Could you print exactly the lines of the listing below, starting at the line that has "Sac besace en petit velours à décor..." and ending at the line that has "Home with brick", and only those lines?

-- DATA TO EXAMINE --
--

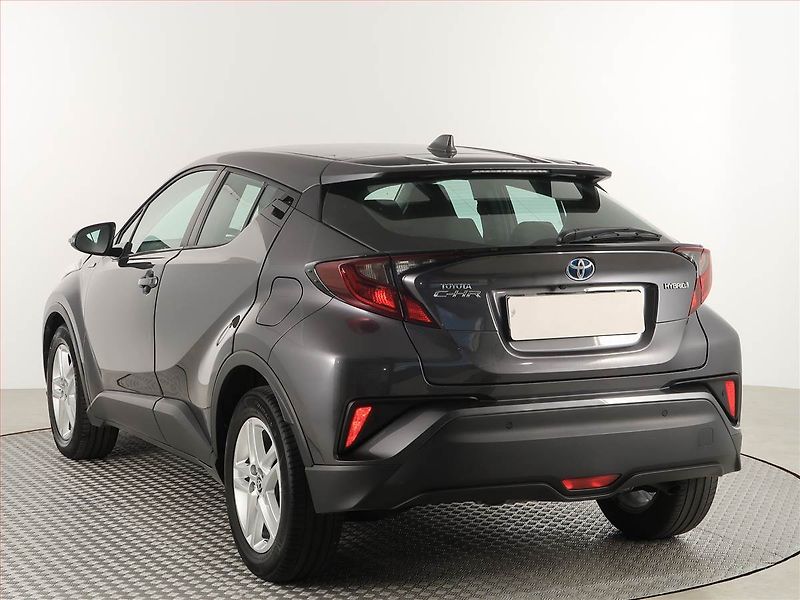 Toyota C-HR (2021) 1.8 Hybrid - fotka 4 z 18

--

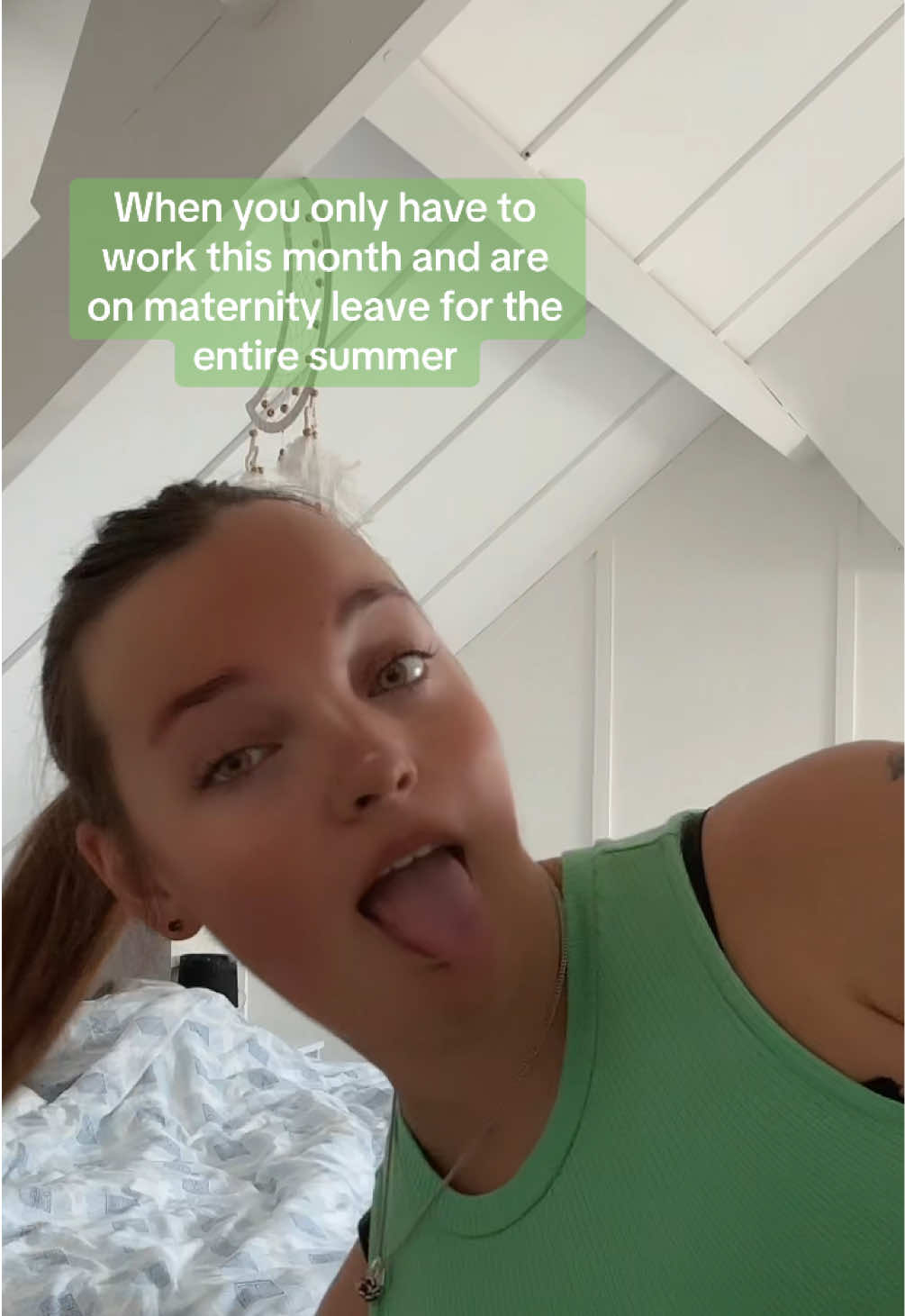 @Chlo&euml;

--

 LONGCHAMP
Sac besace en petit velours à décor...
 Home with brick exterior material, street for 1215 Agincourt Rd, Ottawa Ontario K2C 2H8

--

-- FINISHED EXERCISE --
Sac besace en petit velours à décor...
 Home with brick exterior material, street for 1215 Agincourt Rd, Ottawa Ontario K2C 2H8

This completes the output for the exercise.